在室温至900 ℃温度范围内、不同初始应变速率(8×10^-5、8×10^-4和8×10^-3 s^-1)下,利用单向拉伸实验研究了温度与应变速率对Invar 36合金拉伸力学性能的影响,并选择室温、600和800 ℃进行三点弯曲实验,分析温度对Invar 36合金厚板回弹规律的影响。结果表明,Invar 36合金的屈服强度、抗拉强度随温度的升高而大幅降低;延伸率则先升高后降低,在600 ℃时出现峰值,达到69.2%,比室温提高了55%,这主要由于动态再结晶使塑性提高所致。当温度较低时(室温和500 ℃),应变速率对Invar 36合金力学性能影响不大;但当温度升高至800 ℃时,Invar 36合金的强度和塑性均随初始应变速率的减小而大幅减小,初始应变速率由8×10^-3 s^-1降至8×10^-5 s^-1,屈服强度、抗拉强度和延伸率分别降低了38%、47%和50%;由室温升高至800 ℃时,三点弯曲回弹量减小87.0%。

关键词 ： Invar 36合金, 温度, 应变速率, 力学性能, 回弹

Abstract：

Since the thermal expansion coefficient of Invar 36 alloy is so low that it matches the composite materials well. It is very suitable as the material of composite material forming mould.
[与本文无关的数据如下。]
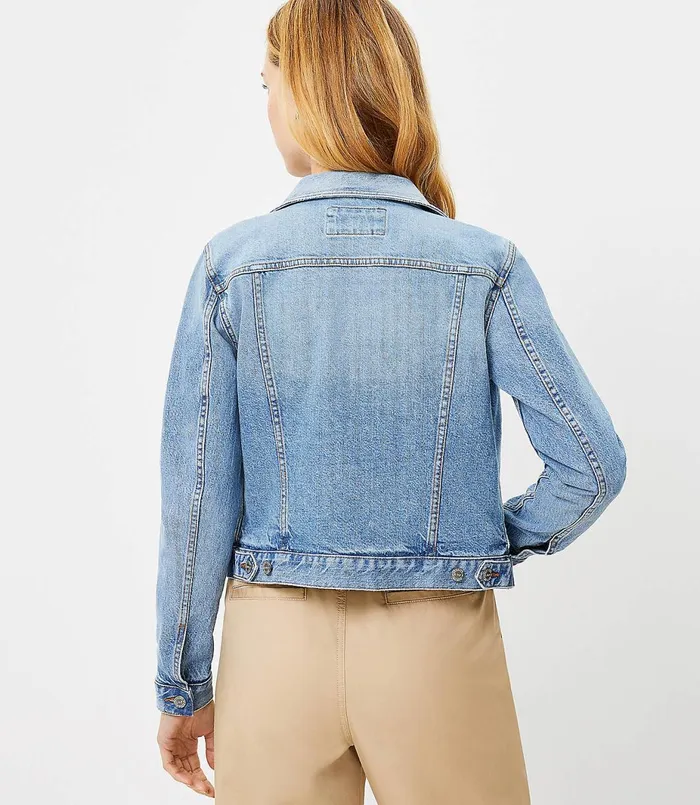 LOFT Denim Trucker Jacket In Original Mid Indigo Original Mid Indigo Wash Women Jackets and Blazers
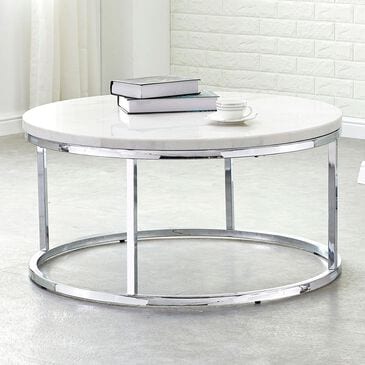 Crystal City Echo Cocktail Table in White Marble and Chrome, , large
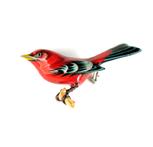 Takahashi Red Scarlet Tanager Bird Pin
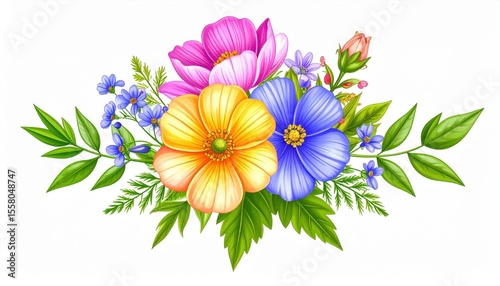 Vibrant Floral Arrangement with Colorful Flowers, Lush Green Leaves, and Delicate Spring Themes for Nature Inspired Designs and Illustrations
Invar 36 alloy mould surface is usually produced by hot pressing technology. The hot pressing temperature and strain rate severely affect the quality of mould surface. In this work, the mechanical properties of Invar 36 alloy were studied in the temperature range from room temperature to 900 ℃ under different initial strain rates (8×10^-5, 8×10^-4 and 8×10^-3 s^-1) by using uniaxial tensile tests. The effect of temperature on the springback trend of thick Invar 36 alloy sheet by three-point bending tests at room temperature, 600 ℃ and 800 ℃ was investigated. The results indicate that the yield strength and ultimate tensile strength of Invar 36 alloy significantly decrease with increasing temperature. Meanwhile, the elongation firstly increases and then decreases with the increase of temperature. It reaches a peak value of 69.2% at 600 ℃ and increases by 55% than that at ambient temperature, which mainly results from the plasticity improvement by dynamic recrystallization. Invar 36 alloy at lower temperature (room temperature and 500 ℃) shows insensitive to the strain rate. Nevertheless, the strength and plasticity at 800 ℃ substantially decrease with decreasing strain rate. When the strain rate decreases from 8×10^-3 s^-1 to 8×10^-5 s^-1, the yield strength, ultimate tensile strength and elongation reduce by 38%, 47% and 50%, respectively. The three-point bending springback value decreases by 87.0% when the tested temperature increases from room temperature to 800 ℃.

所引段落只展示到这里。